Abou Chabab entretiendrait également de bonnes relations avec le camp de Mohammad Dahlan, l'ancien chef de la sécurité de Gaza qui vit en exil dans le Golfe depuis sa brouille il y a 15 ans avec le président de l'Autorité palestinienne Mahmoud Abbas. Il est régulièrement cité parmi les potentielles figures politiques palestiniennes pouvant représenter une alternative au Hamas dans l'enclave palestinienne dans une hypothétique future administration débarrassée du groupe islamiste palestinien.

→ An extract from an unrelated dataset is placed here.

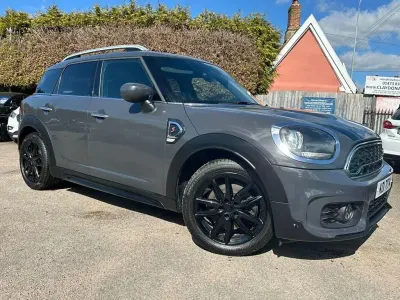Usado Mini Cooper S Sport 192 CV (141 kW) 2019 Gris Utilitario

Des négociations indirectes entre Israël et le Hamas ont commencé dimanche soir à Doha en vue d'un accord de cessez-le-feu et d'une libération d'otages et de détenus, alors que les frappes israéliennes sur l'enclave se poursuivent sans relâche. Au moins 82 Palestiniens sont morts dimanche des suites de ces bombardements meurtriers, avant qu'au moins 13 autres personnes soient tuées dans des raids nocturnes lundi matin, selon des sources médicales citées par la chaîne qatarie al-Jazeera.
Au moins 57 418 Palestiniens, majoritairement des civils, ont été tués à Gaza par l'armée israélienne depuis le début de l'offensive israélienne en octobre 2023, selon des données du ministère de la Santé de Gaza.